Labor had described the government’s inability to prevent the deal announced by the Chinese and Solomon Islands governments as Australia’s biggest foreign policy failure in the Pacific since World War II.

Australia angered China in 2018 by passing national security laws that banned covert foreign interference in domestic politics. In February this year, former prime minister Malcolm Turnbull told an inquiry that Australian security agencies know China is carrying out “blatant” influence operations despite the lack of listings on the country’s transparency register. Turnbull said he was “puzzled” the legislation his government introduced was not more rigorously enforced but is treated as just a formality.

China trying to control UN, WHO A report by the UK parliament’s foreign affairs committee revealed two years ago that China was trying to seize control of top multilateral organisations such as the UN and the WHO so they could be “weaponised” for its own advantage. The report highlighted the “creeping capture” of international organisations by Beijing through steady acquisition of key official positions, use of economic leverage and aggressive diplomacy or “bullying tactics”.

“We have seen attempts by countries such as China to seize control of strategically important organisations and fundamentally redefine the once universally agreed principles on which they are based. This allows multilateral organisations to be weaponised against the founding principles upon which they were built,” the report by the House of Commons committee — made up of 11 MPs — said.
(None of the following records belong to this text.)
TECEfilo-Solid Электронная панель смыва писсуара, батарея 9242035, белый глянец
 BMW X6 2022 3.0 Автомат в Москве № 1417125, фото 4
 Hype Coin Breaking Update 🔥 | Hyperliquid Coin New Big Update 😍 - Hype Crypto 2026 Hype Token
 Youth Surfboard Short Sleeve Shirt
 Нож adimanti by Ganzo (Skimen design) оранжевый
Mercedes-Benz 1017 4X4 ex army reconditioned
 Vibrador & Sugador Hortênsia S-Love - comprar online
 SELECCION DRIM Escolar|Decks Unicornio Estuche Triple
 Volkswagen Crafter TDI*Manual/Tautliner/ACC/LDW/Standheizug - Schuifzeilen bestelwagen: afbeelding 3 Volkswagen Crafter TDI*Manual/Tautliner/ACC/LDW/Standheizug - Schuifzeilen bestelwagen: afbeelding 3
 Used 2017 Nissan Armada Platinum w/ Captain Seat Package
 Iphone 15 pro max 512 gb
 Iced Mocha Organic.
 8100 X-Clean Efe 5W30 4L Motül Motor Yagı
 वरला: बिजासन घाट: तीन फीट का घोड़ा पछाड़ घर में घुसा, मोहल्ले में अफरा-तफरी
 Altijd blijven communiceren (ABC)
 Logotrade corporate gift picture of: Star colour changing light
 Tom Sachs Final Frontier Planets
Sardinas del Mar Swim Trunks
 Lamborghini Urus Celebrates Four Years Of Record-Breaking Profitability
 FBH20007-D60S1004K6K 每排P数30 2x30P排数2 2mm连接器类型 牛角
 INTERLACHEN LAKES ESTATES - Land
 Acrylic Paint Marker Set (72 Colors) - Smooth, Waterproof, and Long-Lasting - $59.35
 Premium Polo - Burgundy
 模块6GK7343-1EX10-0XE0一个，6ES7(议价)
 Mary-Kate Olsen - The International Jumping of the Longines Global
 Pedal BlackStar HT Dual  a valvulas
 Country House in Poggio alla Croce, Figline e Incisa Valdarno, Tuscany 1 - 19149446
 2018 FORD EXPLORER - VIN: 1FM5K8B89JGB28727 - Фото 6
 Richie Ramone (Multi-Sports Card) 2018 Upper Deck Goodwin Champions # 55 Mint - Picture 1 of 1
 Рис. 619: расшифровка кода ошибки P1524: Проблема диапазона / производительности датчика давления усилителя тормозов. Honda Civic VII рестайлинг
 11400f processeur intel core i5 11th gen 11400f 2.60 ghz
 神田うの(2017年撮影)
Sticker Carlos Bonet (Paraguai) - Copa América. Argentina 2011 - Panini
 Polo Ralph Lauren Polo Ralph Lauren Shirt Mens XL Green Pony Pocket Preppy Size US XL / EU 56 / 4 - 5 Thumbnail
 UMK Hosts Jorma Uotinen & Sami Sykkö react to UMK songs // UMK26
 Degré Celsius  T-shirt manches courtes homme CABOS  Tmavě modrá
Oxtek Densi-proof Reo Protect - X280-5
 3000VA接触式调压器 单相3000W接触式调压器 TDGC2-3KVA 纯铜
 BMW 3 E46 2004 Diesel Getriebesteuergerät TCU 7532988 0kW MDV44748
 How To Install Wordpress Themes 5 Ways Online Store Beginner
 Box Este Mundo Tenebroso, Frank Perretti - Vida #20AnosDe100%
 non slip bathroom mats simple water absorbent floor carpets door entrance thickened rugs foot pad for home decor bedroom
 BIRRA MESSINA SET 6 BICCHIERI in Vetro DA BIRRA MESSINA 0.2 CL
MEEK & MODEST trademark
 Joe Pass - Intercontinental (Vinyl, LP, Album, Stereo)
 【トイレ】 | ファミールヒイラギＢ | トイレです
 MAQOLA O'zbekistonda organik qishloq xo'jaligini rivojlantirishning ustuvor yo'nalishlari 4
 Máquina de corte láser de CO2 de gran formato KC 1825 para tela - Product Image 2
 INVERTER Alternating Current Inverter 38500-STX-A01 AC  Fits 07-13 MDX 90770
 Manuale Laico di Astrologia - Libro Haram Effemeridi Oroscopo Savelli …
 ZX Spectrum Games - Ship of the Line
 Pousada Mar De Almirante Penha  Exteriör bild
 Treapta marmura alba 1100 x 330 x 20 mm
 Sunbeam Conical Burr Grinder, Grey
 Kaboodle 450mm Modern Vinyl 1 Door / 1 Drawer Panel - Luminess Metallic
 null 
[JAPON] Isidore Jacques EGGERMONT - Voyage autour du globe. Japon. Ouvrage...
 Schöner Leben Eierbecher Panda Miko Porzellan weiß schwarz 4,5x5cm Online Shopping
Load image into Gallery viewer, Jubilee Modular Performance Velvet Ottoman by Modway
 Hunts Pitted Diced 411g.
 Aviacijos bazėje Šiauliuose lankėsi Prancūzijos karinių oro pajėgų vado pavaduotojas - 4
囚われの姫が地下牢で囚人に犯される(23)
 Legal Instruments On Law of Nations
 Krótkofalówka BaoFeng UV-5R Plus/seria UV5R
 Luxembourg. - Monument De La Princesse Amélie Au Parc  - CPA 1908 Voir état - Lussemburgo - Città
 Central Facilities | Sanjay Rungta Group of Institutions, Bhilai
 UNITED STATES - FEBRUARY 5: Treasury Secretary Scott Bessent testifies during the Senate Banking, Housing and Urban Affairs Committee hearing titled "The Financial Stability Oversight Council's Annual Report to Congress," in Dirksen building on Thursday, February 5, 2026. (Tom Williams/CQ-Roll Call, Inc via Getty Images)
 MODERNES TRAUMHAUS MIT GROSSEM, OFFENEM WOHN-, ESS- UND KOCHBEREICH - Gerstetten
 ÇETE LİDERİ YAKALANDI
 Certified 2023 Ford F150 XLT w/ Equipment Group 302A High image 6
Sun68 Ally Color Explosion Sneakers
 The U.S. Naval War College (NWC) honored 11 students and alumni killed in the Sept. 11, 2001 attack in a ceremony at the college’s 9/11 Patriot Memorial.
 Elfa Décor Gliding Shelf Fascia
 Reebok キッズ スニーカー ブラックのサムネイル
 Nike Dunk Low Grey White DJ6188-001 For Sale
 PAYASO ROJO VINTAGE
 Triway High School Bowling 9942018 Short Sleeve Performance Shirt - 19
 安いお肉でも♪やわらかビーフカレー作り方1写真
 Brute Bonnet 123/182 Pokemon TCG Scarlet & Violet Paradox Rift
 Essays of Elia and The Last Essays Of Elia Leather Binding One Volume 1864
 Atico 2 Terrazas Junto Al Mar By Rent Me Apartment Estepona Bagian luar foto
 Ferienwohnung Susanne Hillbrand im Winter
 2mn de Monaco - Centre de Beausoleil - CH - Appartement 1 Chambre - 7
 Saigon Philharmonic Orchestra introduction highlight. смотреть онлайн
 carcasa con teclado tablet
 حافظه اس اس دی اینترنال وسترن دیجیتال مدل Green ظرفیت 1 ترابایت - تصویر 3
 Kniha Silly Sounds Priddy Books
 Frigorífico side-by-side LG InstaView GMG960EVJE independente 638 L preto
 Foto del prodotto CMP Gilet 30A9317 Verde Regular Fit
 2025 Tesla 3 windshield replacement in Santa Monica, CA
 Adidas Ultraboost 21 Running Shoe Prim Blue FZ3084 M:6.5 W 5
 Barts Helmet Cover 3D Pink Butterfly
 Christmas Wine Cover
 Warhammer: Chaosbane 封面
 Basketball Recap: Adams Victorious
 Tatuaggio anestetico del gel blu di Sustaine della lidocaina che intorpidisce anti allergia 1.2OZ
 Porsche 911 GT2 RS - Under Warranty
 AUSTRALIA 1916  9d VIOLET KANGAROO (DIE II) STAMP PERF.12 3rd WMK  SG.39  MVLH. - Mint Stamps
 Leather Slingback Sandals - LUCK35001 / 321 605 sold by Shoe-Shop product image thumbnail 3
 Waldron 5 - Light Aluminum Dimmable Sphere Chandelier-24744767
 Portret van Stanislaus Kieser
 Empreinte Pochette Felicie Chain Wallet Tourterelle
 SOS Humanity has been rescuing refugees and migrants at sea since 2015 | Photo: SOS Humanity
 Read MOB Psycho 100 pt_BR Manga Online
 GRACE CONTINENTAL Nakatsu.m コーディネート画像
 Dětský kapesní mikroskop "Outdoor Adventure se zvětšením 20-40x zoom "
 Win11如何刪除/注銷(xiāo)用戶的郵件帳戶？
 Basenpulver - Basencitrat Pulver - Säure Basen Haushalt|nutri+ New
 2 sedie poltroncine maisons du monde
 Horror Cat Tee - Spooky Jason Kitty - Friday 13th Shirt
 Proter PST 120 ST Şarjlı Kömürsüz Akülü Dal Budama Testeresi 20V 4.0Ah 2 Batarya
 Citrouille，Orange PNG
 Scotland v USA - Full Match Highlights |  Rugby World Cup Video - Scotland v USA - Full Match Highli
A shadowy arm that manipulates politics abroad The United Front Work Department (UFWD), a shadowy organisation with numerous affiliate bodies and run by the Chinese Communist Party, is at the centre of China’s efforts to manipulate politics abroad. Though it has come under increased criticism for covert efforts to influence politics in other countries, President Xi Jinping has described the UFWD as a “magic weapon” in the country’s soft power arsenal.

The UFWD was supposed to have played a key role in organising Chinese interference in Australia. Chinese donors tied to UFWD-affiliated groups gave money to Australian politicians, providing impetus for Canberra to introduce new laws to limit foreign interference in its government.

Significant resources are allocated to support the UFWD, both domestically and internationally, Sana Hashmi, a Fellow at Taiwan-Asia Exchange Foundation and George HW Bush Foundation for US-China Relations, has written in TOI recently. Overseas efforts involve influencing ethnic Chinese communities, leveraging the Chinese diaspora, and luring scholars, journalists and politicians alike in host countries to achieve objectives such as presenting a positive image of China and potentially impacting election results in democratic nations. Important examples include Canada’s claims of Chinese interference in its federal elections in 2019 and 2022, and former Australian PM Malcolm Turnbull’s assertions regarding Chinese Communist Party’s ‘s concerted efforts to sway public affairs in Australia.